- Exercise directions: In the entries below, find the line with "Cljhair Free Shipping 13X4" and the line with "Golden Diamond Rayon"; reproduce those two lines and all lines between them exactly, without pictures.

- Excerpted records:
= = = = = = =

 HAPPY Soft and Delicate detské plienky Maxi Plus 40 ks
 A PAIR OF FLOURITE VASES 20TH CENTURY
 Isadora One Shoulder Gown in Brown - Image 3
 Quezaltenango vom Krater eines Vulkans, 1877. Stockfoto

= = = = = = =

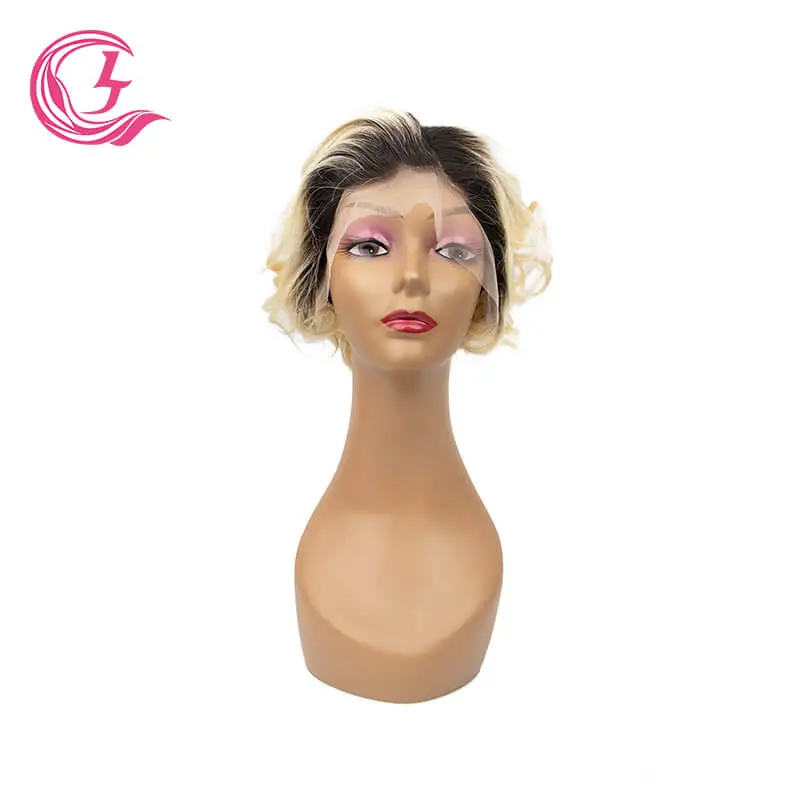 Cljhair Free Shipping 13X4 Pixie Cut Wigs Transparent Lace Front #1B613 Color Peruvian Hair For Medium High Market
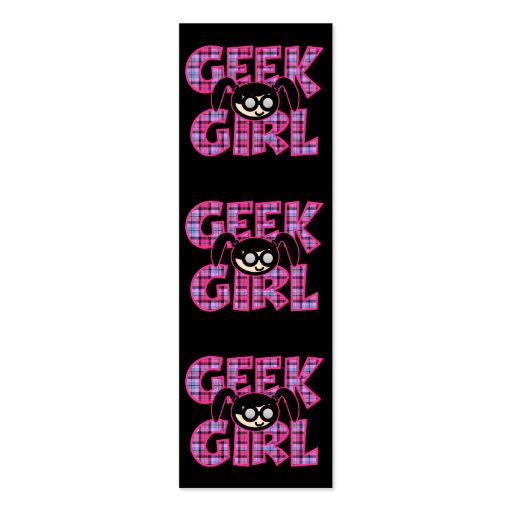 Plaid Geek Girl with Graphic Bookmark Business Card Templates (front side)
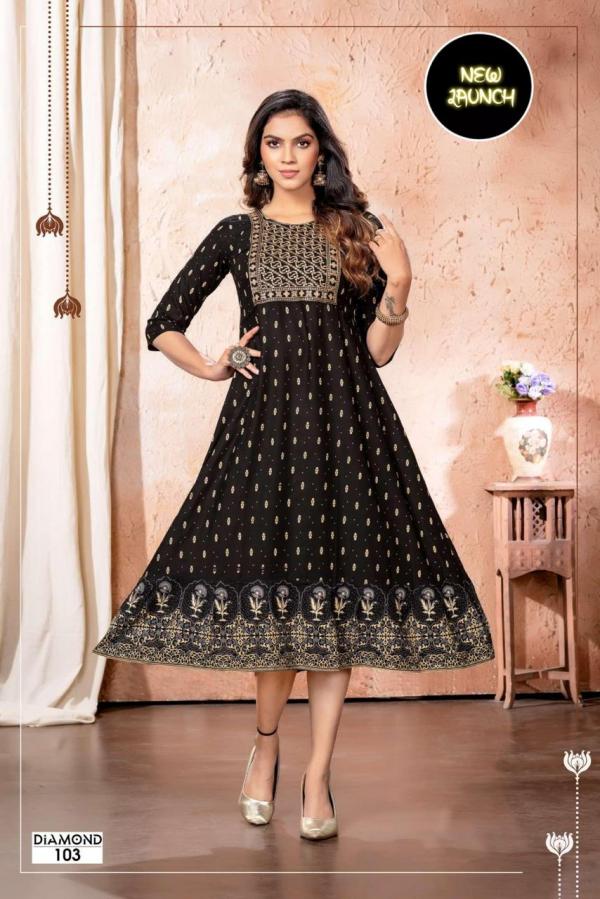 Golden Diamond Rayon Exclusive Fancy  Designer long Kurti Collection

= = = = = = =

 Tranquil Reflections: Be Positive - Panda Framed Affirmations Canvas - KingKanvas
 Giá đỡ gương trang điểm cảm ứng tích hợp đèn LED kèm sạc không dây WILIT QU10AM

= = = = = = =

- Response below:
 Cljhair Free Shipping 13X4 Pixie Cut Wigs Transparent Lace Front #1B613 Color Peruvian Hair For Medium High Market
 Plaid Geek Girl with Graphic Bookmark Business Card Templates (front side)
 Golden Diamond Rayon Exclusive Fancy  Designer long Kurti Collection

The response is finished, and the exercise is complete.